• _Exercise_: Where an entry below contains an image, skip the image and reproduce the rest exactly.

(Beginning of Data in this exercise)

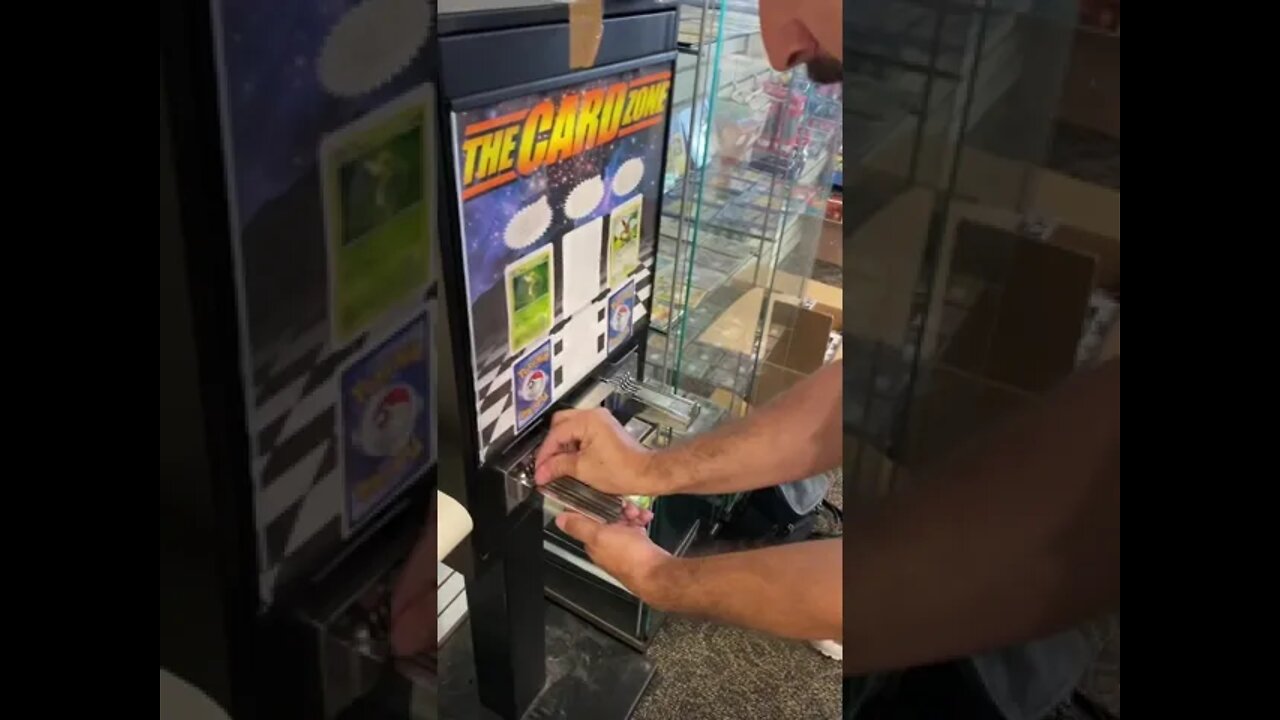 Pokémon Trading Card Vending Machine Pull #shorts #pokemon #pokemonvendingmachine #dad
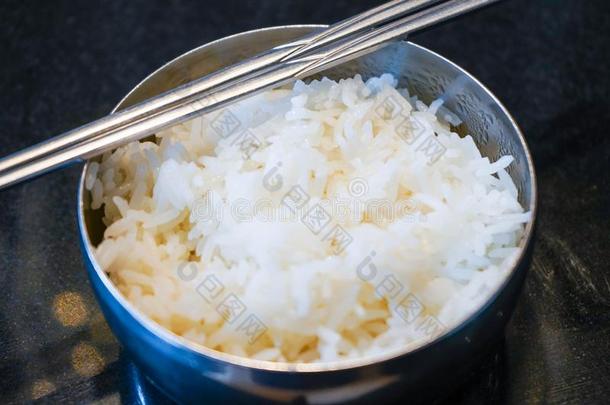 煮熟的稻采用sta采用less钢碗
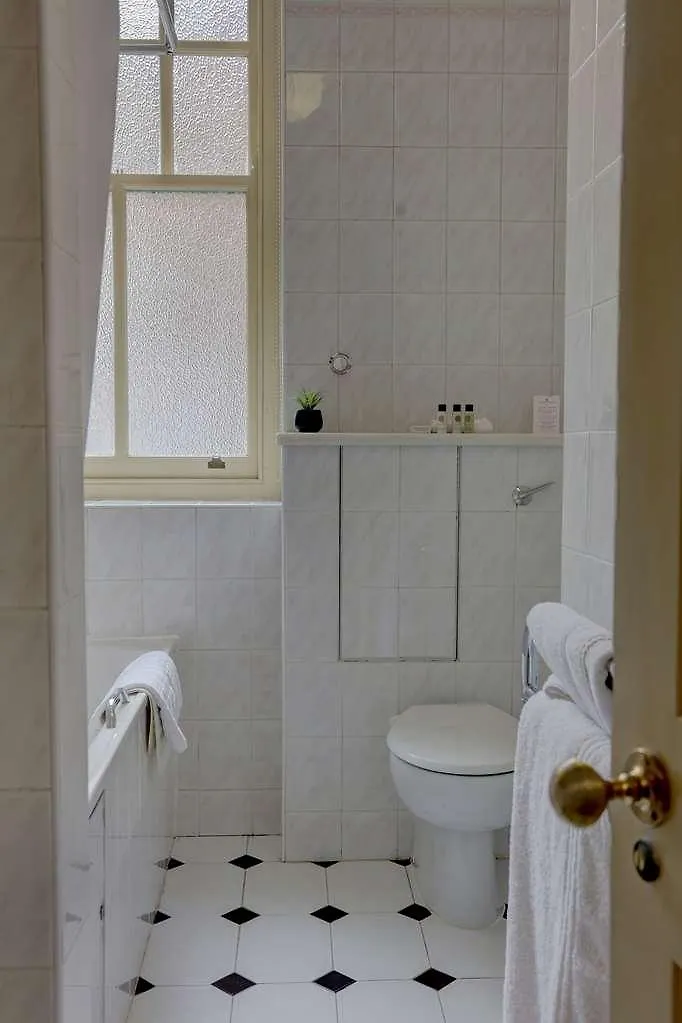 Crown & Mitre Hotel 3*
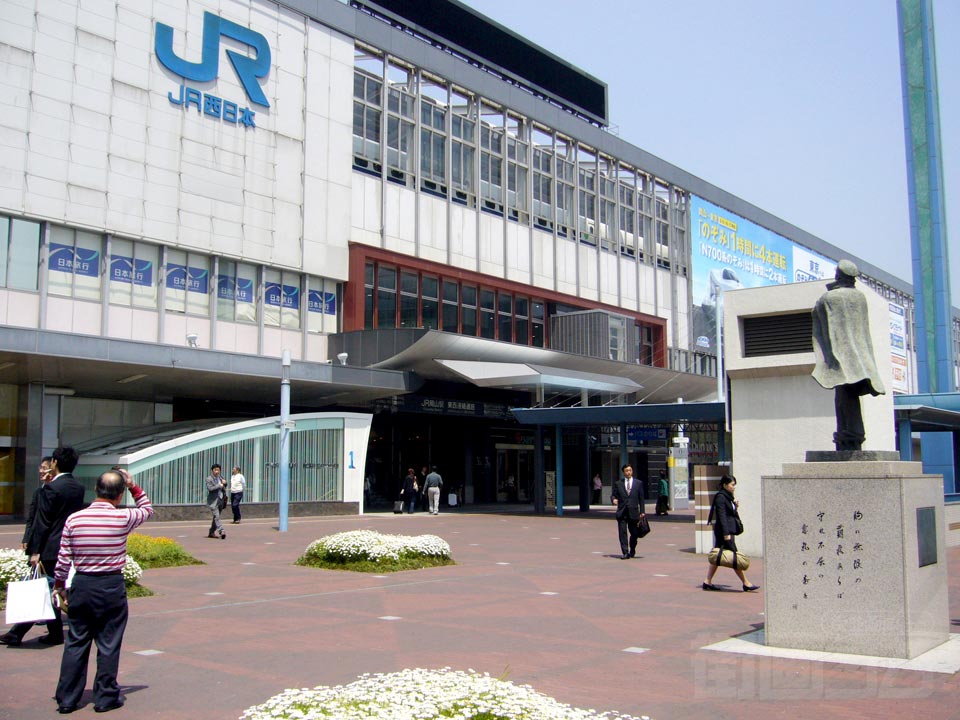JR岡山駅東口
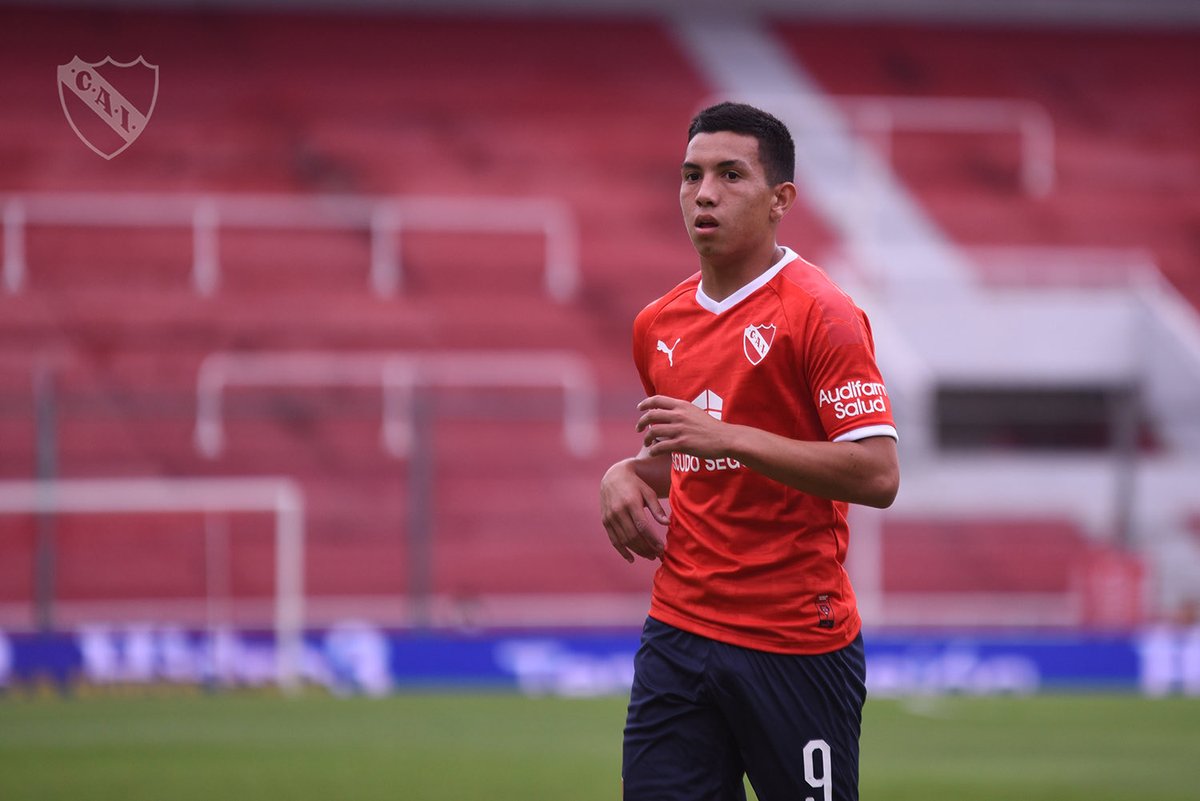IsidroPerasso's tweet photo. #TalentosIP
Alan Velasco 🇦🇷
•Edad: 18 años (27/07/2002)
•Puesto: Extremo izquierdo
•Altura: 1,67 m
•Club actual: Independiente 🇦🇷
•Esta temporada (2020/21):
-Copa Diego Armando Maradona (9 partidos, 5 goles y 1 asistencia)
-Sudamericana (8 partidos, 1 gol y 1 asistencia) https://t.co/3qMgslLnkt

(End of Data in this exercise)

• _Solution to this problem_:
 Pokémon Trading Card Vending Machine Pull #shorts #pokemon #pokemonvendingmachine #dad
 煮熟的稻采用sta采用less钢碗
 Crown & Mitre Hotel 3*
JR岡山駅東口
IsidroPerasso's tweet photo. #TalentosIP
Alan Velasco 🇦🇷
•Edad: 18 años (27/07/2002)
•Puesto: Extremo izquierdo
•Altura: 1,67 m
•Club actual: Independiente 🇦🇷
•Esta temporada (2020/21):
-Copa Diego Armando Maradona (9 partidos, 5 goles y 1 asistencia)
-Sudamericana (8 partidos, 1 gol y 1 asistencia) https://t.co/3qMgslLnkt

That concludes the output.